Ladies and gentlemen, boys and girls, if you clap your hands and wiggle your toes enough, Fox will make a Deadpool movie. At least that's the theory held by Deadpool and Zombieland co-writer Rhett Reese, who is single-handedly launching his own grassroots campaign, seen above, to get Fox to smell the roses and start telling the story of Wade Wilson. It's not like he's asking for your money. Just click and support the guy's cause.
Reese's cause is simple: Fox owns a property beloved by fans, and they're currently doing absolutely nothing with it. It'll cost a pretty penny, but Fox isn't making three Avatar sequels in a row for nothing, right? The Reese and Paul Wernick-scripted Deadpool was teased a little while back, when a page of their script was used in an effects reel shot and animated years ago - but it only recently saw the light of day. And yes, some of those people who only know Deadpool from his reputation probably thought it was one of the most obnoxious things they've ever seen. Of course, they were right, and that's the point. A Deadpool movie isn't going to give you the portentous speeches of an X-Men film or the broadly-appealing family-friendly glee of The Fantastic Four. Nope, Deadpool was made to antagonize and irritate.
Deadpool came around at a time when the superhero comics industry was beginning to look up its own Frank Miller-fueled ass. Grim and gritty had become the status quo, Robins were being killed by fan vote, the Phoenix was nuking galaxies, and the Punisher was gunning down entire mob families. The movies haven't reached that point of over-saturation in regards to nihilism, but there is a creeping suspicion that formula has set in for a few examples of the genre. Which is where Deadpool comes in. He's rude, sometimes idiotic, often reckless and never at all reverent. This genre has become big enough that a quipping character like Deadpool could deflate its own importance.
Reese is staging this plea at the right time: Guardians Of The Galaxy - a comic featuring characters with none of the fame or visibility of Deadpool - just went on to become one of Marvel's biggest cinematic success stories.
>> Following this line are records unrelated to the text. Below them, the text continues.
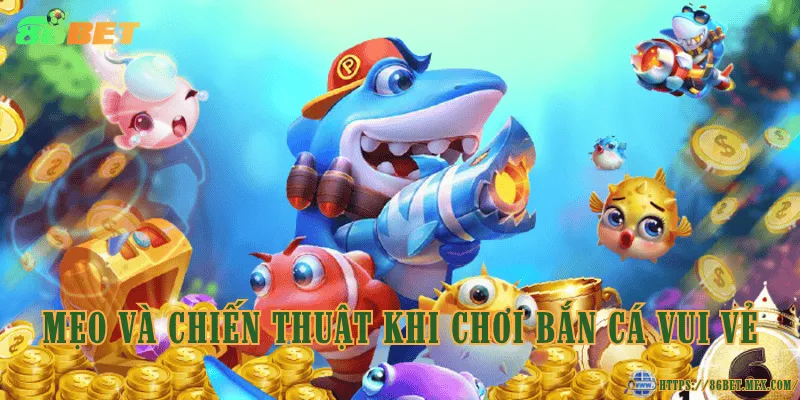 Bắn cá vui vẻ – Trò chơi giải trí hấp dẫn và dễ tiếp cận Mẹo và chiến thuật khi chơi bắn cá vui vẻ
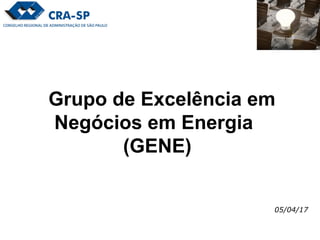 Grupo de Excelência em
Negócios em Energia
(GENE)
05/04/17
 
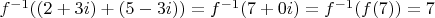 $f^{-1}((2 + 3i) + (5 - 3i)) = f^{-1}(7 + 0i) = f^{-1}(f(7)) = 7$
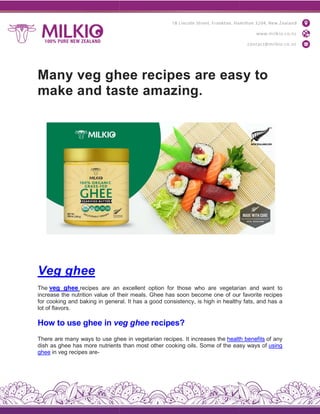 Many veg ghee recipes are easy to
make and taste amazing.
Veg ghee
The veg ghee recipes are an
increase the nutrition value of their
for cooking and baking in general.
lot of flavors.
How to use ghee in veg
There are many ways to use ghee
dish as ghee has more nutrients
ghee in veg recipes are-
Many veg ghee recipes are easy to
make and taste amazing.
excellent option for those who are vegetarian
their meals. Ghee has soon become one of our
general. It has a good consistency, is high in healthy
veg ghee recipes?
ghee in vegetarian recipes. It increases the health
nutrients than most other cooking oils. Some of the easy
Many veg ghee recipes are easy to
vegetarian and want to
our favorite recipes
healthy fats, and has a
health benefits of any
easy ways of using
 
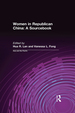 Women in Republican China: a Sourcebook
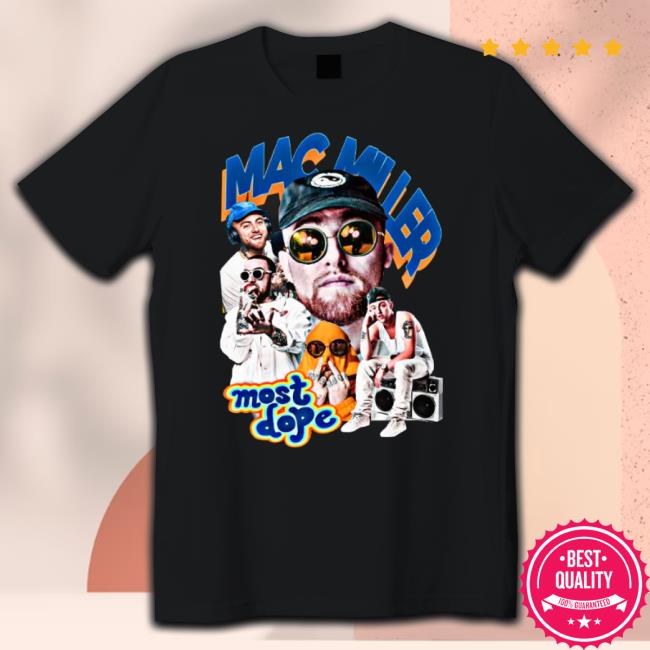 Mindless Fashion Shop Mac Miller Most Dope Shirt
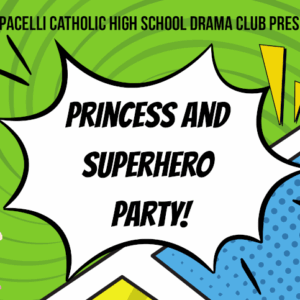 Princess and Superhero Party Admission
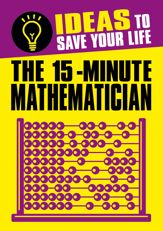 The 15-Minute Mathematician - 29 Jul 2016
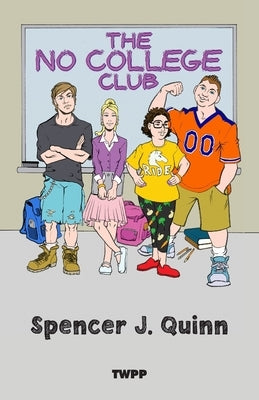 The No College Club by Kent, Donald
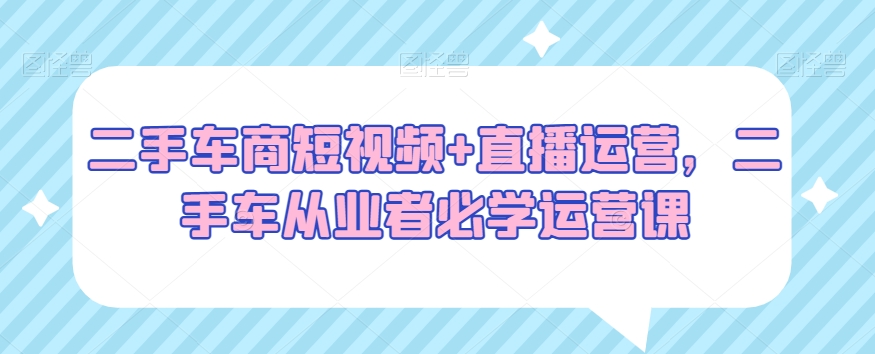 二手车商短视频+直播运营，二手车从业者必学运营课-第一资源站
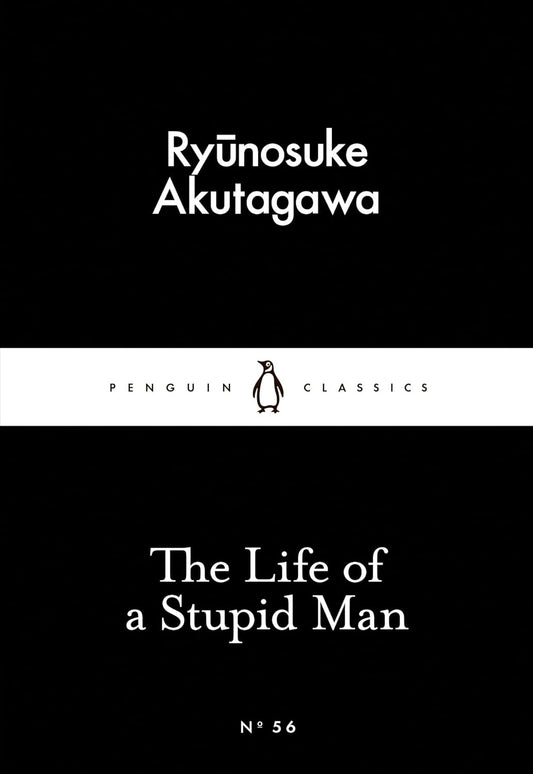 Book cover of 'The Life of a Stupid Man' by Ryunosuke Akutagawa with Penguin Classics logo. Bookish Wonderland serves readers throughout Bangladesh with durable printed books, making it simple to shop for online through fast delivery options in Dhaka and crystal-clear print.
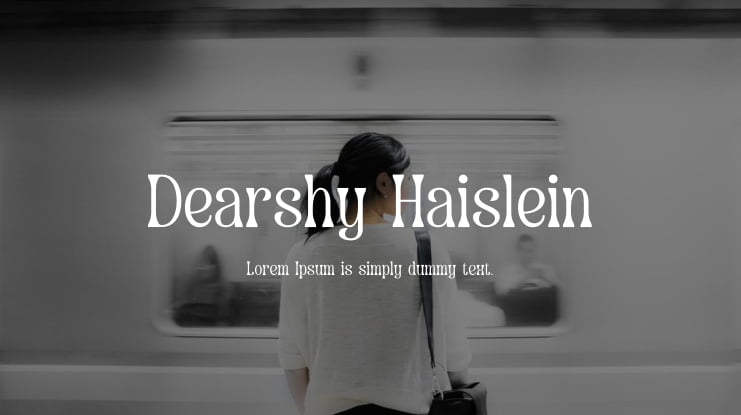 Dearshy Haislein Font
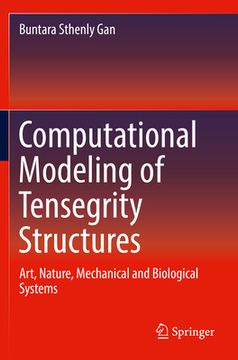 portada Computational Modeling of Tensegrity Structures: Art, Nature, Mechanical and Biological Systems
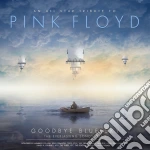 Goodbye Blue Sky, The Everlasting Songs Vol. 2: An All Star Tribute To Pink Floyd / Various cd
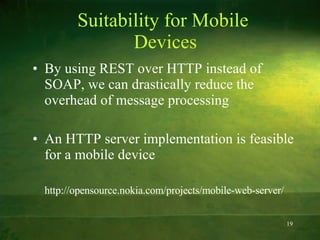Suitability for Mobile  Devices By using REST over HTTP instead of SOAP, we can drastically reduce the overhead of message processing An HTTP server implementation is feasible for a mobile device http://opensource.nokia.com/projects/mobile-web-server/ 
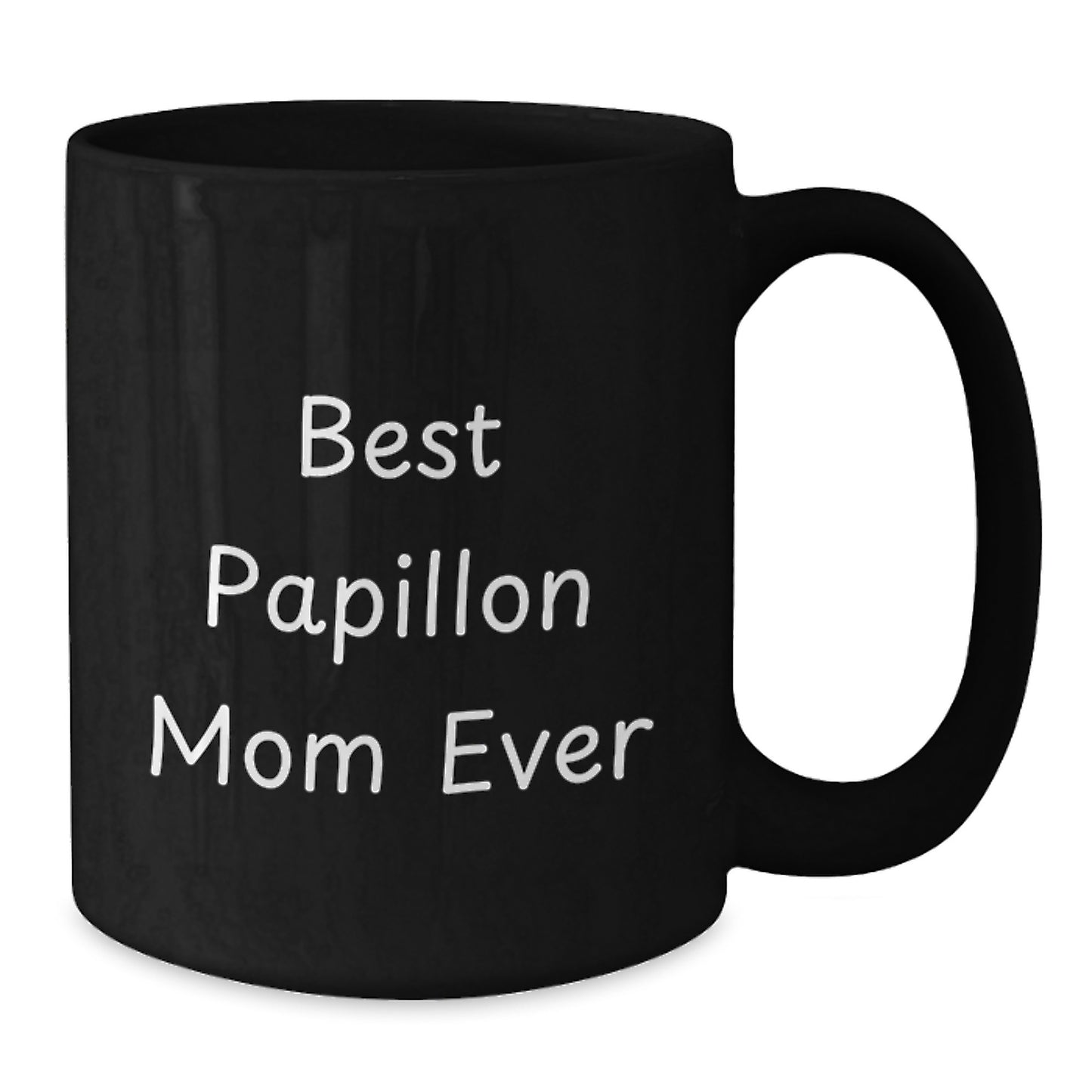 Papillon Dog Lovers Gifts, Funny 'Best Papillon Mom Ever' Quote Black Coffee Mug for Birthday, 11oz or 15oz, Microwave and Dishwasher Safe, Gifts from Friends and Family - Additional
Through Disney, Marvel was able to sell the general moviegoing public on Ronan The Accuser, The Collector and Groot. Why couldn't Fox do the same with the Merc With A Mouth? If anything, they owe the character's fans an apology for what was done to him in X-Men Origins: Wolverine, when he was turned into a silent, laser-shooting henchman, as bizarre a misreading of Deadpool's appeal as there has ever been.
Fox currently has a Marvel project slated for July 2018, and have given no indication what it could be. Maybe the X-Men will jump back into the fray two years after X-Men: Apocalypse. Maybe Fox will introduce X-Force. Or just maybe they'll realize they have a script, they have an actor (Ryan Reynolds), they have a director (Tim Miller), they have a fanbase, and they have a property they could adapt that will surely cost less than the latest X-picture. Stranger things have happened!